It is said that the moment of clarity or the psychological change happens for the addict or alcoholic when he or she has hit bottom. I think it is safe to say that my friends and family wondered for several years if I would survive hitting my bottom. I went through so many bad times that were not my bottom. There were the 911 calls, the ambulance rides that lead to hospitalizations of up to nine days and the times I was forced to admit to the psych ward. But those were not my bottom. By the time I ended up in my first detox facility, my lymphatic system was compromised. I could not walk on my right foot and I was on 11 prescription medications for issues that were merely side effects of my drinking. The doctor said my brain was likely shrunken to the size of an Alzheimer patient’s. But that was not my bottom. I went to jail for public intoxication three times, attacked my 70-year-old father during a blackout, lost my fiancé and our five bedroom house and abandoned my career path. But none of these were my bottom. I went to three inpatient treatment facilities and attended three outpatient programs in the matter of two years. I kept going in and out in a chronic cycle of relapse. I was miserable when drunk and miserable when sober. I seemed 12-step compliant, but no true surrender had been made.
My bottom greeted me in the California desert one ordinary Thursday morning as I found myself homeless, walking aimlessly for miles from a Riverside County jail. No one was answering my calls. I came to see that my repetitive attempts to drink myself to death were not working and that I was too much of a wimp to hang myself or slit my wrists. I thought about how this was really my moment to do such a thing. It was my wide open chance. I had run out of options. No one was going to scoop me up and save my life for me. I was devastated that I was going to have to kill myself in a violent manner and that, even then, it might not work. But then something happened. I thought that, since I have to be alive, I should consider truly living. And that was it. I was wearing a bright pink shirt and black shorts. My feet were dirty. The sun was beating down on me. And I was done.
I lived for over three months in a homeless shelter and had no contact from my parents, who were two of the only people I knew in this part of California. I didn’t get sober at the fancy rehabs or in the rooms of 12-step groups. I got sober in a program at a homeless shelter. Timing is everything. I was finally willing and ready to take my life back. I sucked at life and needed some very serious direction. I received it at this shelter. The people there told me when to eat, when to scrub the toilets, when to pray, when to talk and when to be silent. I surrendered fully to the 18 women with whom I shared a room. I complied to all that was asked of me with the best of my ability.

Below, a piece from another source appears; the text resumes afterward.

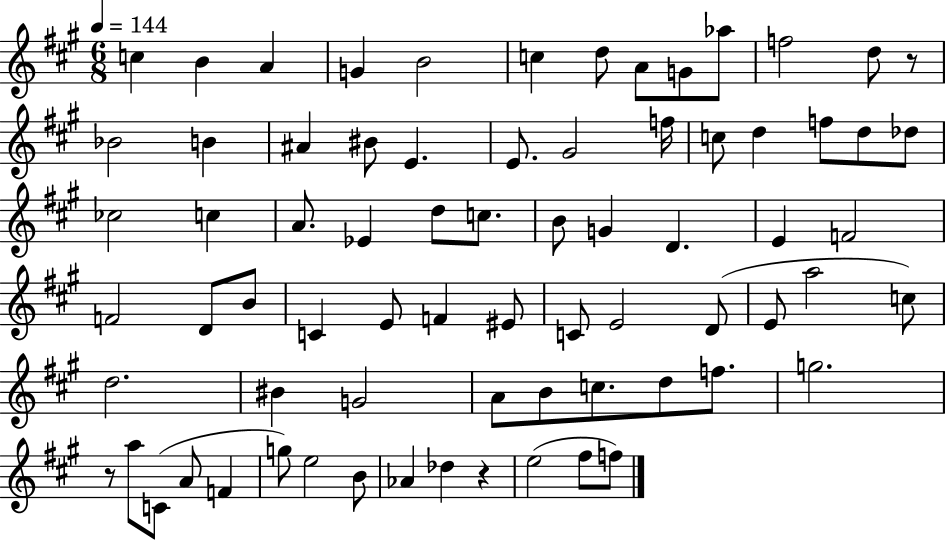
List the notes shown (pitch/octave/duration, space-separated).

C5/q B4/q A4/q G4/q B4/h C5/q D5/e A4/e G4/e Ab5/e F5/h D5/e R/e Bb4/h B4/q A#4/q BIS4/e E4/q. E4/e. G#4/h F5/s C5/e D5/q F5/e D5/e Db5/e CES5/h C5/q A4/e. Eb4/q D5/e C5/e. B4/e G4/q D4/q. E4/q F4/h F4/h D4/e B4/e C4/q E4/e F4/q EIS4/e C4/e E4/h D4/e E4/e A5/h C5/e D5/h. BIS4/q G4/h A4/e B4/e C5/e. D5/e F5/e. G5/h. R/e A5/e C4/e A4/e F4/q G5/e E5/h B4/e Ab4/q Db5/q R/q E5/h F#5/e F5/e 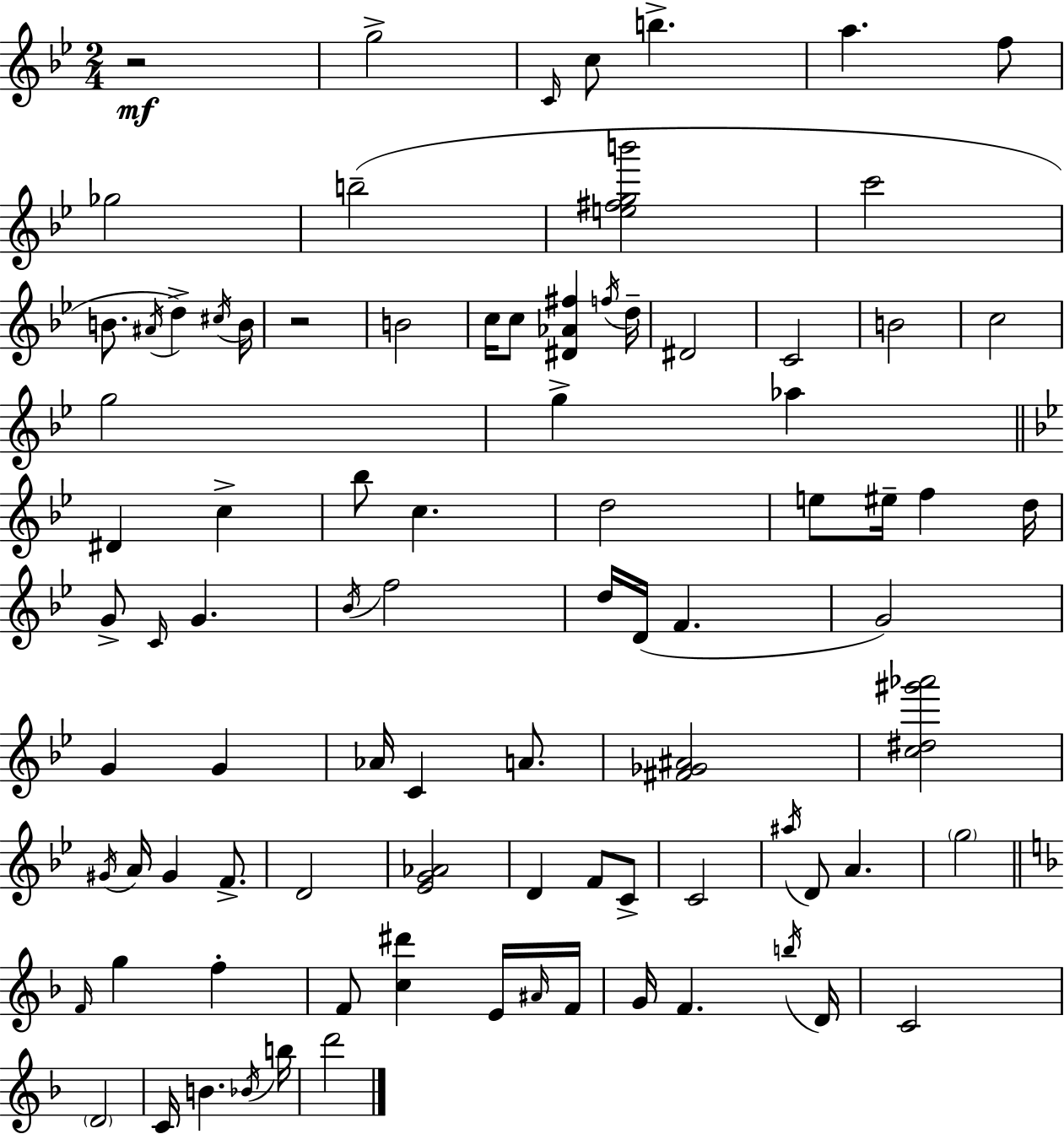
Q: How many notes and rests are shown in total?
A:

There, I found the thing that had been missing in all of my previous attempts to get sober: service to others. I helped to connect resources in the community with needs at our facility. I worked intake for our overnight services. I helped women write letters to the judges who had taken their children away. I folded a lot of laundry. I listened to the painful stories and I celebrated the small victories.
In time, I got stronger. I left the shelter and went to a sober living facility. My parents and I reconciled and spent our first Christmas together in six years. I began to volunteer by teaching a class at a local rehab center, which was a class that I had gone through. Then I worked as a technician in the residential modality department there, and the CEO created a full-time position for me as the director of public relations.
I now have eight months of sobriety. In these months, my life has improved exponentially. I get up and go to work each day like average, dignified people do. I have the honor to give back to people struggling with alcoholism. I bought a car. I live in a nice place that I can afford in a beautiful part of California near my parents. They no longer have to live on the edge, wondering if today will be the day that I die. I don’t dwell on the past as much as I did and I no longer fear the future. Most of the time, I meet my visitors from the past, such as a memory, a bill or a regret, like welcomed guests. And guests eventually leave.
I still have plenty of wreckage from my addiction to contend with. Now that my head is clear enough to make choices, I pray that my choices are aligned with the will of the universe. I see others drinking with impunity and I envy their ability to find relief. My hands shake from the nerve damage from my drinking. It’s frustrating to paint my nails or tie a ribbon. I still carry shame about being an alcoholic that can only be arrested by reminding myself that I was born physically different from others. I have a disease, not a moral failing. I sometimes unintentionally hurt people and become overly remorseful and ashamed that I do not always make the right decisions. I aspire to clean up my side of the street when that happens. Working the 12 steps promises me that I will find true freedom from all of these things.
Sobriety is not perfect but it’s a heck of a lot better than merely existing in the slow death of alcoholism. I will be forever grateful to the dozens of people who helped me along the way and I aim every day to pay back that same compassion, time and attention to the alcoholics who still suffer. Like Pat said at the end of Silver Linings Playbook, “I think of everything everyone did for me and I feel like a very lucky guy.”